**Exercise input:**
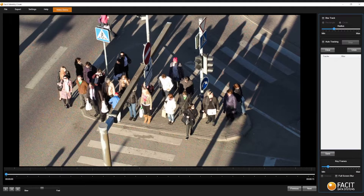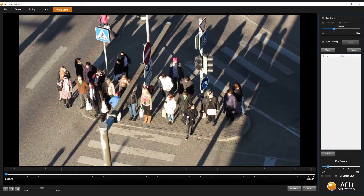In this video, we're going to take you through how to change the degree of blur within Identity Cloak. This will allow you to decide how dense the blur is on your clip. No matter which blur mode you have used, you will be able to decide on the density of blur.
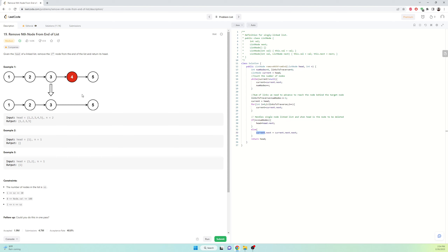We are asked to delete the nth node from the end of the linked list. There are multiple ways to find the nth node from the end. What I did first is calculate the total number of nodes in the linked list. To reach node 3 — the node behind our target — we need to know how many links to traverse, because we want to stop at the node behind the targeted node.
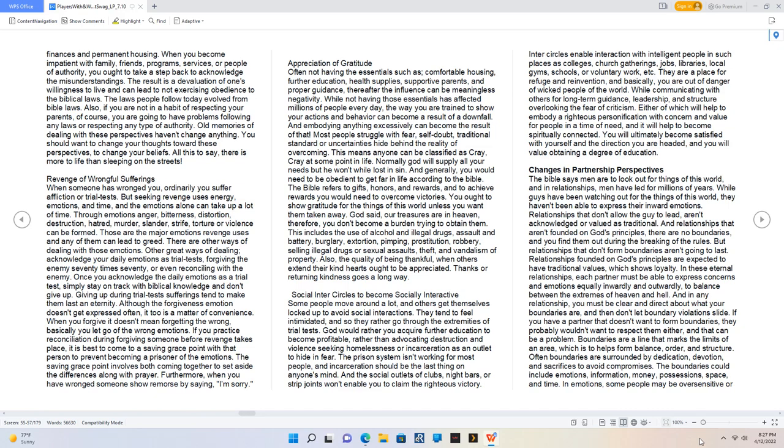Changes in partnership perspectives. The Bible says men are to look out for things of this world, and in relationships, men have led for millions of years. While guys have been watching out for the things of this world, they haven't been able to express their inward emotions.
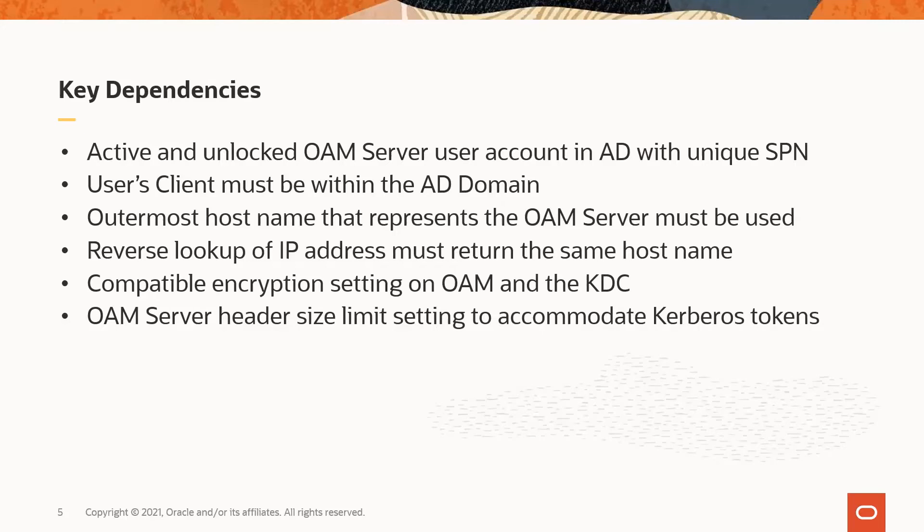The reverse DNS lookup of the IP address must return the same hostname for the OAM server that will be sending the validation request to the KDC. As discussed on the previous slide, the user client computer does a DNS lookup of the IP address to get the hostname for the Kerberos token request. If the hostname is only an alias on the load balancer, the DNS lookup of the IP address will not return the correct hostname. It has to be the CNAME or it has to be in an A record on the load balancer.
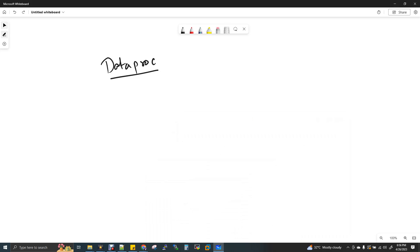Hi, welcome to Data Engineering. Today we are going to discuss how to submit a Spark job in Dataproc and how to execute it.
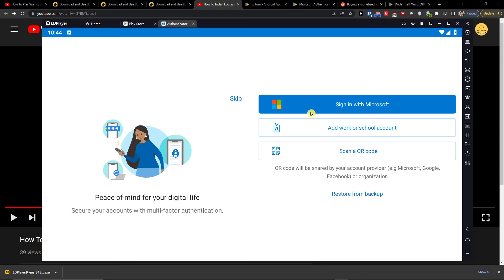Sign in with your Google account or whatever you use, and then you can start using it every day. That's pretty much it — how you can download Microsoft Authenticator for your PC or notebook.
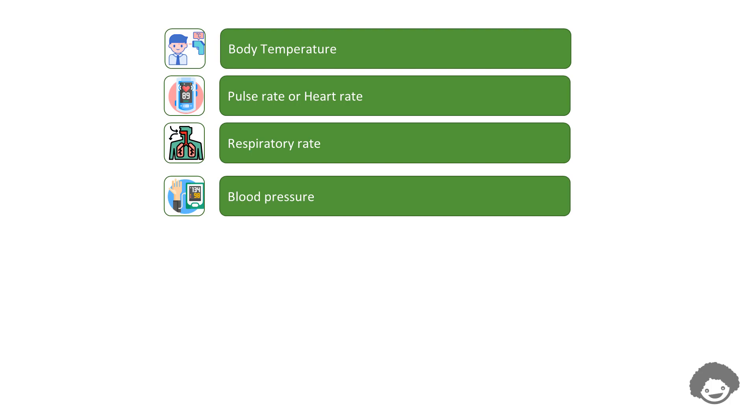Both the systolic and diastolic blood pressure are recorded as millimeters of mercury.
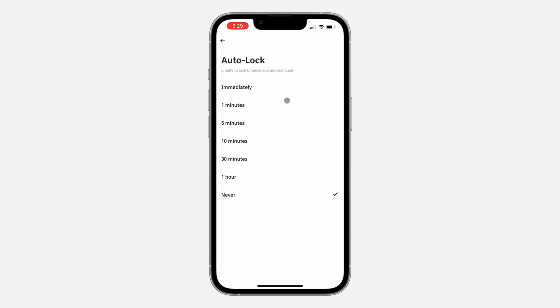So once you click on auto lock, you can set it to lock immediately you close the app, 1 minute, 5 minutes, or any other. So I'm just going to select immediately.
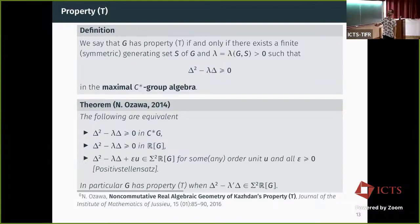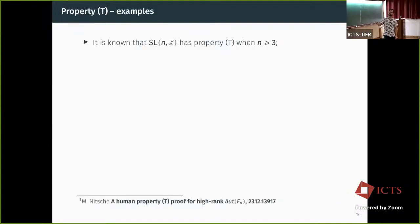In particular, we see that property T implies that Δ² − λΔ is going to be a sum of squares, plus some appropriate order unit U. So this is the sum of squares we will be looking for.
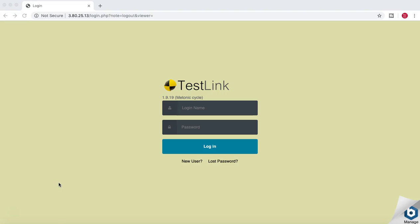Hello guys, welcome to the TestLink tutorial from RCV Academy. In this tutorial series we are going to learn about TestLink, which is an open source test management tool. You can install it completely free — it's 100% freely available. The whole purpose of this tutorial is to explain how to use TestLink for test management and what the key functionalities are when you are working as a test engineer.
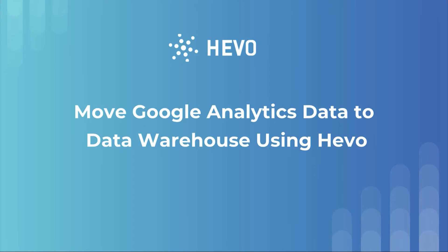Hi and welcome. Today in this video, let me show you how to create a data pipeline to bring data from Google Analytics to a data warehouse like Amazon Redshift, Snowflake, or Google BigQuery using Hevo.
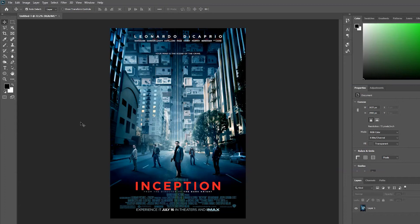In newer versions of Photoshop, they have a handy feature that not many people know about — the ability to recognize fonts from images. There are a few websites that do this with varying degrees of accuracy, but the Photoshop tool is pretty good and it integrates with other font features.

**Assigned task:**
Give again, word for word, the lines above from the first one through the one containing "We are asked"; no pictures.

**Answer:**
In this video, we're going to take you through how to change the degree of blur within Identity Cloak. This will allow you to decide how dense the blur is on your clip. No matter which blur mode you have used, you will be able to decide on the density of blur.
We are asked to delete the nth node from the end of the linked list. There are multiple ways to find the nth node from the end. What I did first is calculate the total number of nodes in the linked list. To reach node 3 — the node behind our target — we need to know how many links to traverse, because we want to stop at the node behind the targeted node.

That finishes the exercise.